Short text fragments from websites
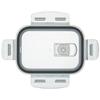 Skater Heat-resistant Glass Storage Container Kiki's Delivery Service 370ml S Oven Microwave Dishwasher Safe GBST4-A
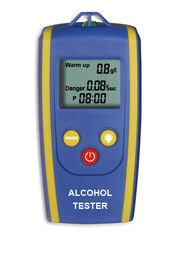 Profesyonel Dijital Alkol Test Cihazı Alkol Ölçer, Alkol İçin Cream Analyzer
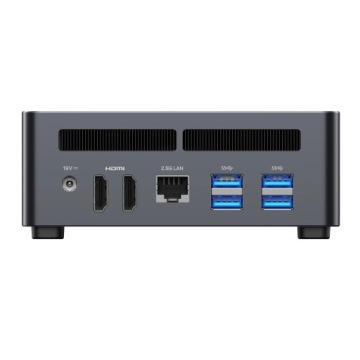 Мини-ПК RYZEN 9 7940HS 64 ГБ DDR5 2 ТБ M.2 RADEON 780M Windows 11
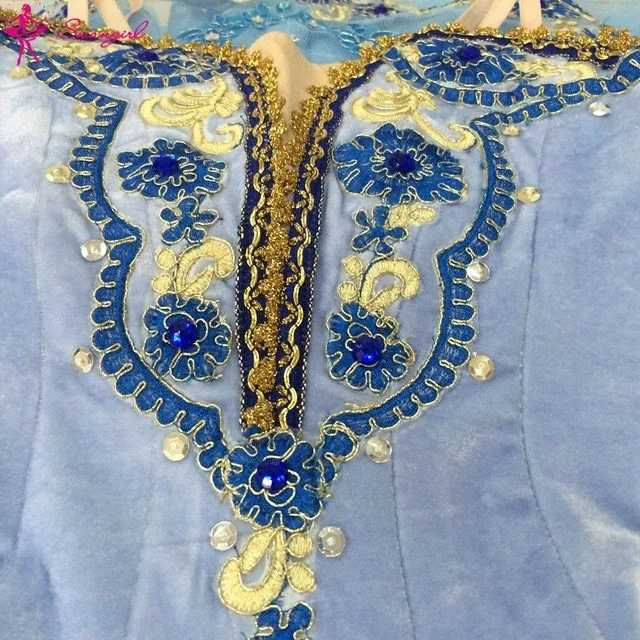 Bluebird Ballet Tutu - Image 3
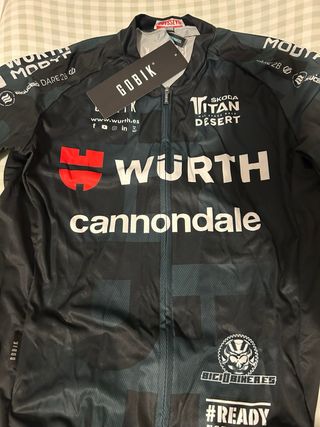 Maillot Titan Desert Gobik Talla L (NUEVO)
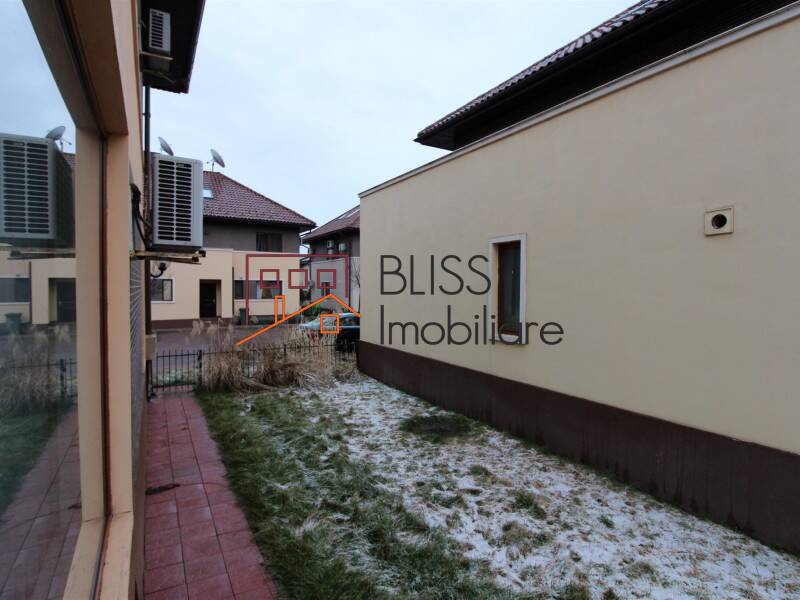 Casa de Inchiriat Iancu Nicolae | Pipera - 10 Camere - ID:66361 | Bliss Imobiliare / Photo 44 - BLISS Imobiliare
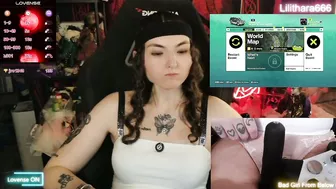 Lilithara666 sex chat live webcam show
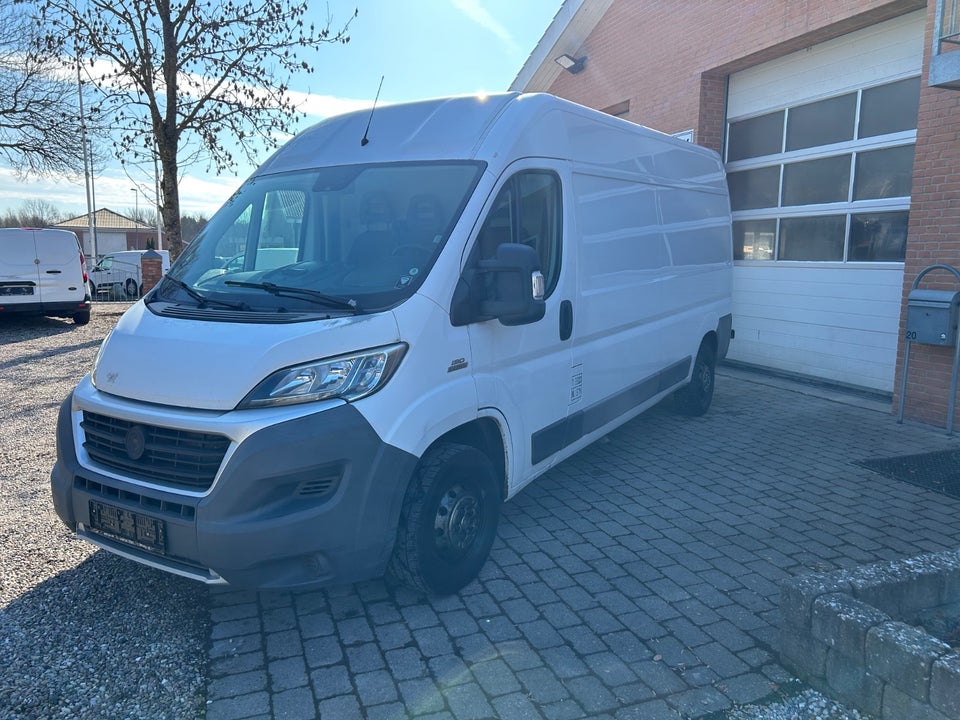 Fiat Ducato 35 2,3 MJT 130 Kassevogn L3H2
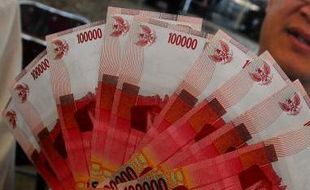  Dana Hibah Rp3 M Dikucurkan ke 1.963 RT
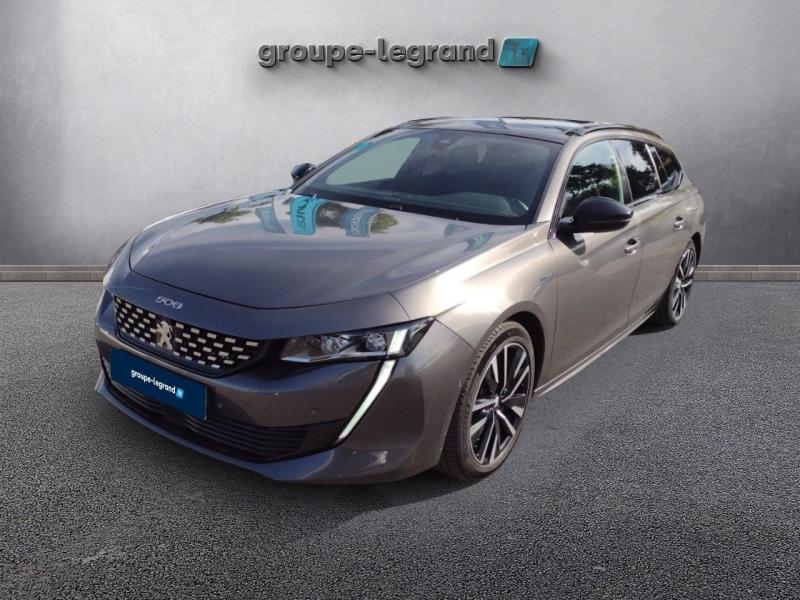 Image de l'annonce principale - Peugeot 508 SW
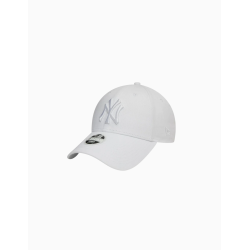 Gorra New York Yankees Essential Womens White 9FORTY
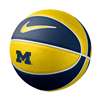 Nike Michigan Wolverines Mini Training Basketball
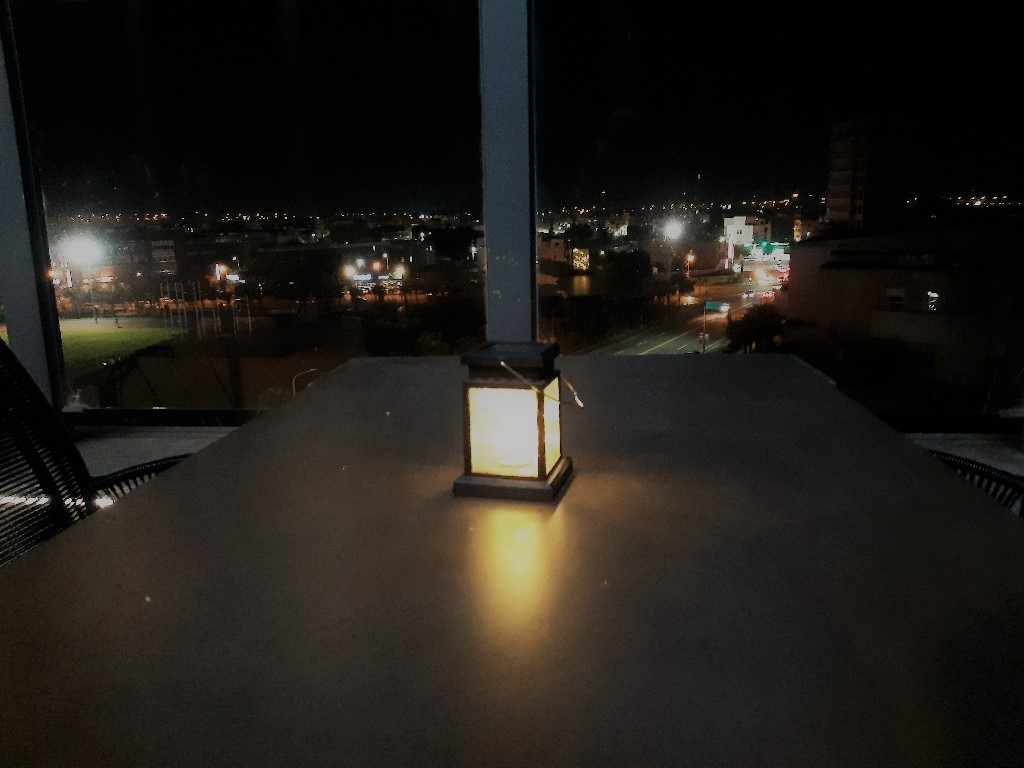 鹿港澄悅商旅/露天座位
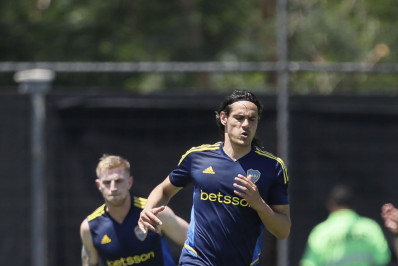 Astro do Boca Juniors, Cavani projeta final contra o Fluminense: 'Jogo da minha vida'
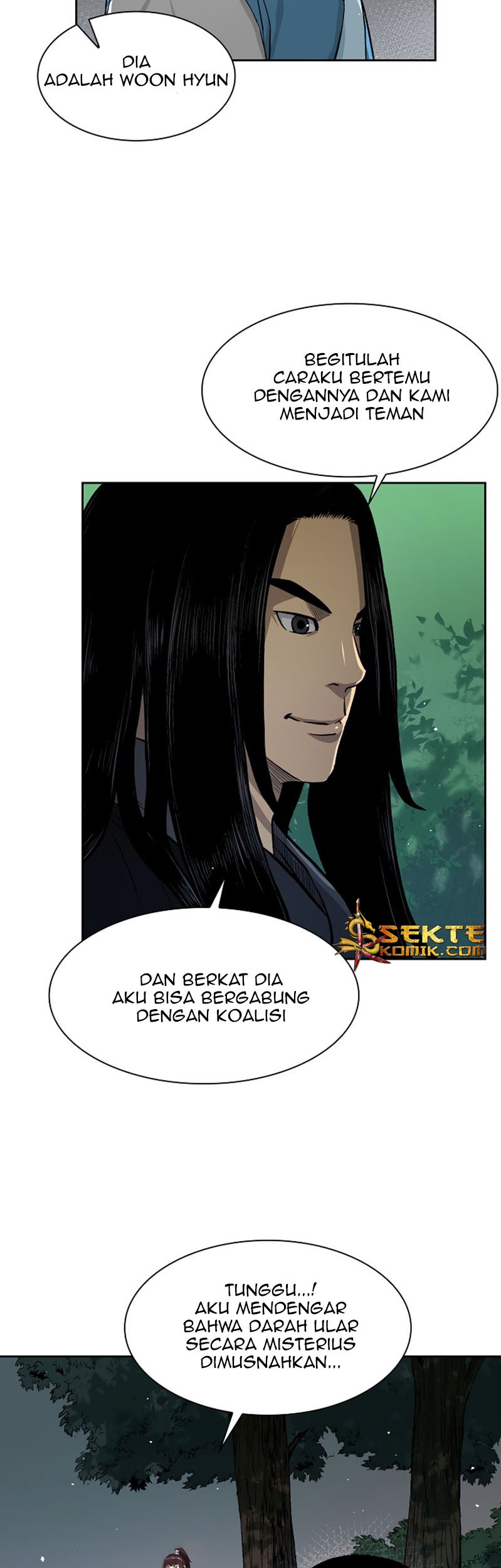 Record of the War God Chapter 35 Gambar 10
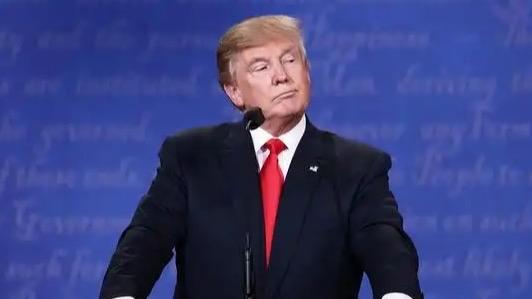 当地时间22日，美国总统特朗普在佛罗里达州海湖庄园，正式对外公布一项重磅军备计划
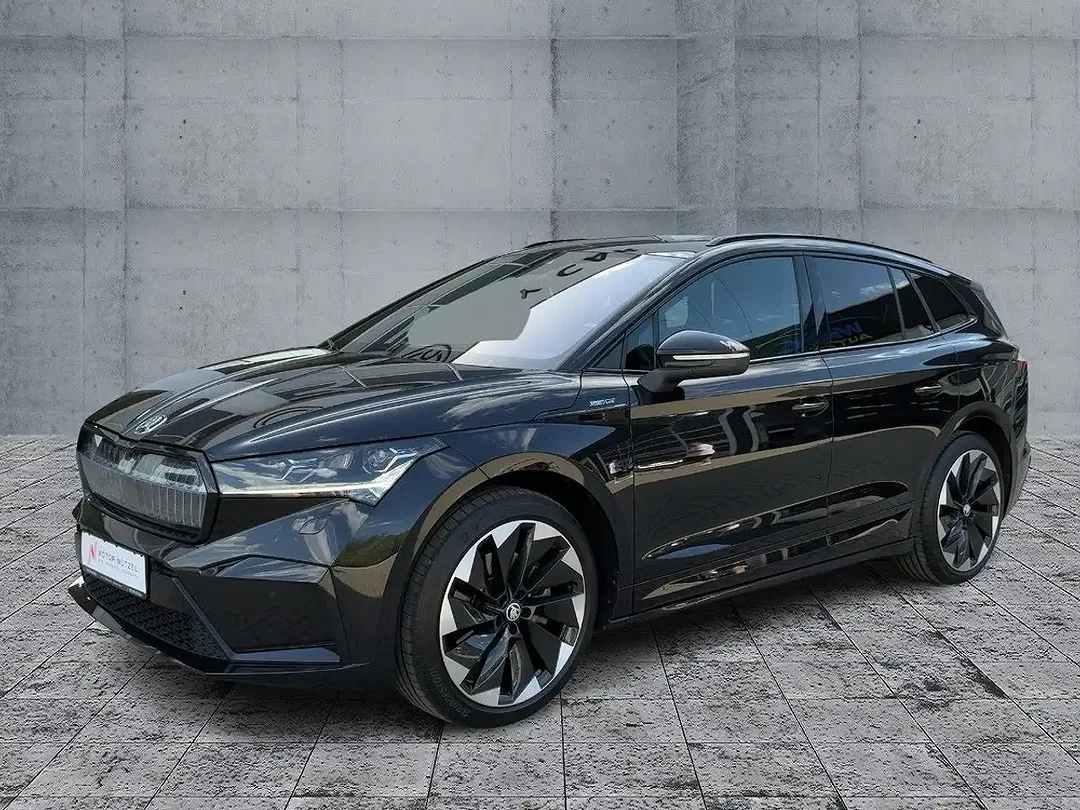 Skoda Enyaq 80x iV 4x4 Sportline - Afbeelding 1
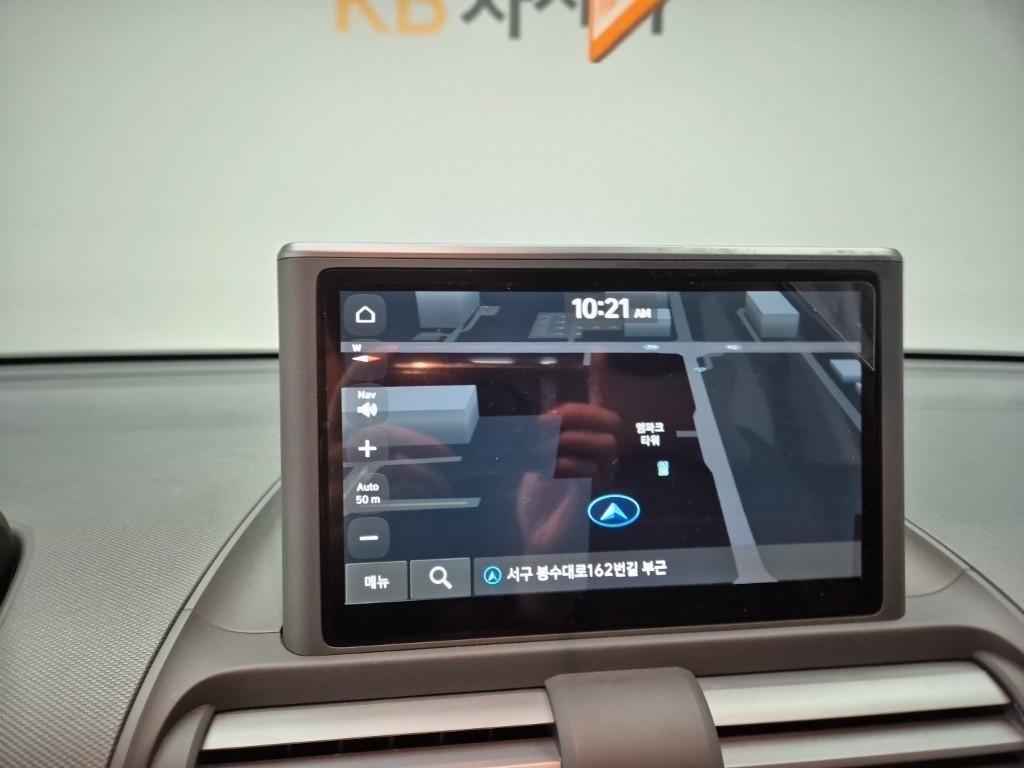 HYUNDAI Casper - Vista 6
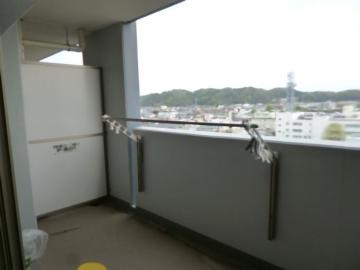 バルコニー(2026年4月)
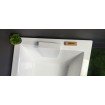 Ванна акрилова Besco Intima 150x85 L, асиметрична (WAIT-150-NL) Ванна акрилова Besco Intima 150x85 L, асиметрична (WAIT-150-NL)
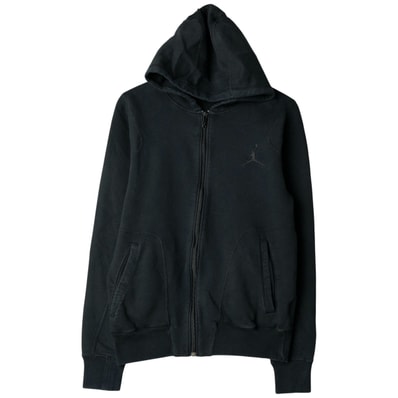 古着 ナイキ NIKE JORDAN ジョーダン スウェットフルジップパーカー メンズS相当/eaa606229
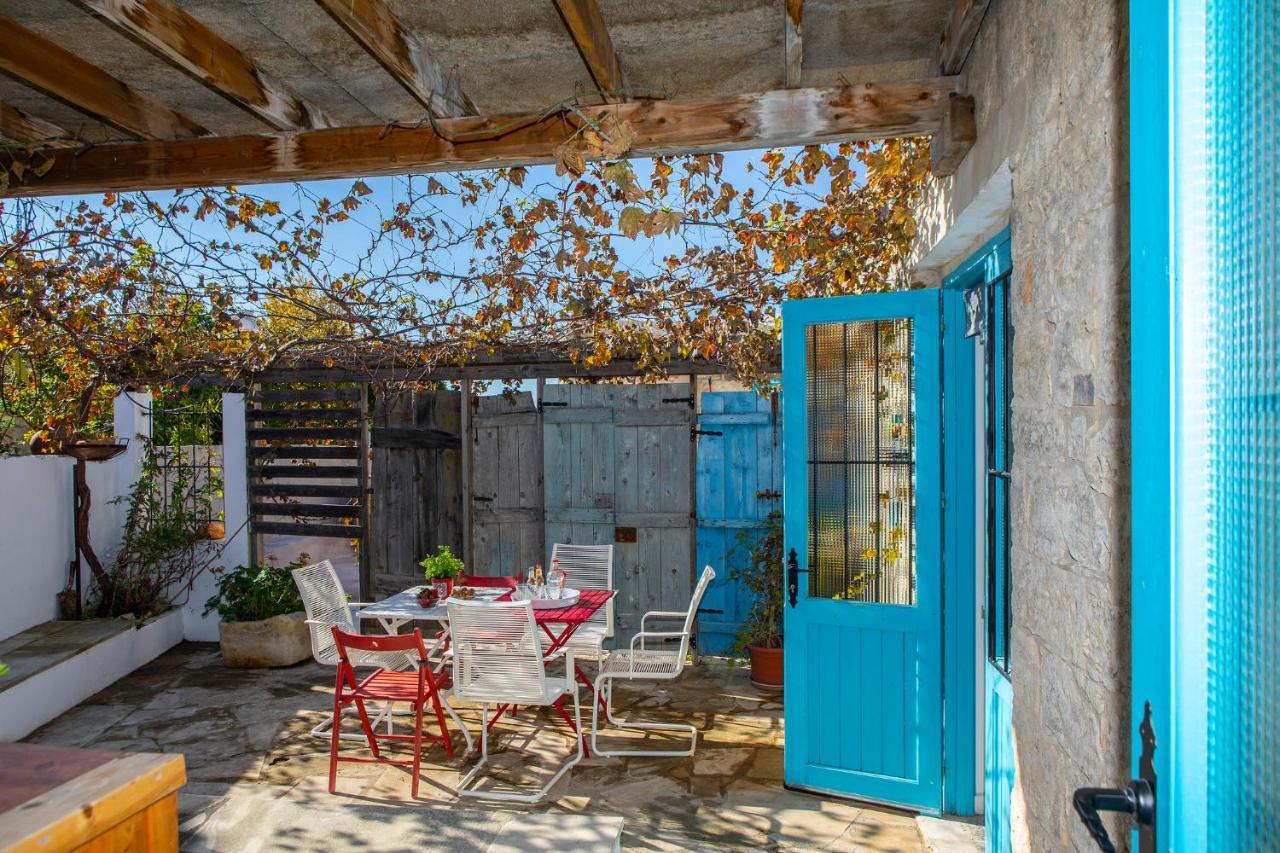 Akamantida Platea 1 Villa Pano Arodes Exterior photo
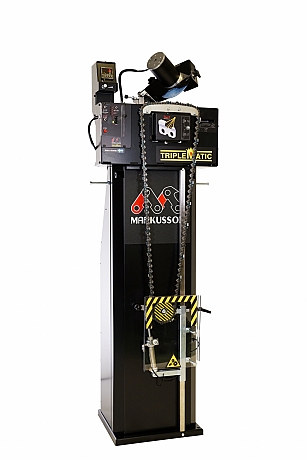 Automatic Chain Sharpener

Problem description:
Your output should be the lines above from the one that contains "Dana Hibah Rp3 M Dikucurkan ke 1.963 RT" through the one that contains "асиметрична (WAIT-150-NL) Ванна", word for word, with pictures left out.

Task answer:
  Dana Hibah Rp3 M Dikucurkan ke 1.963 RT
 Image de l'annonce principale - Peugeot 508 SW
 Gorra New York Yankees Essential Womens White 9FORTY
 Nike Michigan Wolverines Mini Training Basketball
 鹿港澄悅商旅/露天座位
 Astro do Boca Juniors, Cavani projeta final contra o Fluminense: 'Jogo da minha vida'
 Record of the War God Chapter 35 Gambar 10
 当地时间22日，美国总统特朗普在佛罗里达州海湖庄园，正式对外公布一项重磅军备计划
 Skoda Enyaq 80x iV 4x4 Sportline - Afbeelding 1
 HYUNDAI Casper - Vista 6
 バルコニー(2026年4月)
 Ванна акрилова Besco Intima 150x85 L, асиметрична (WAIT-150-NL) Ванна акрилова Besco Intima 150x85 L, асиметрична (WAIT-150-NL)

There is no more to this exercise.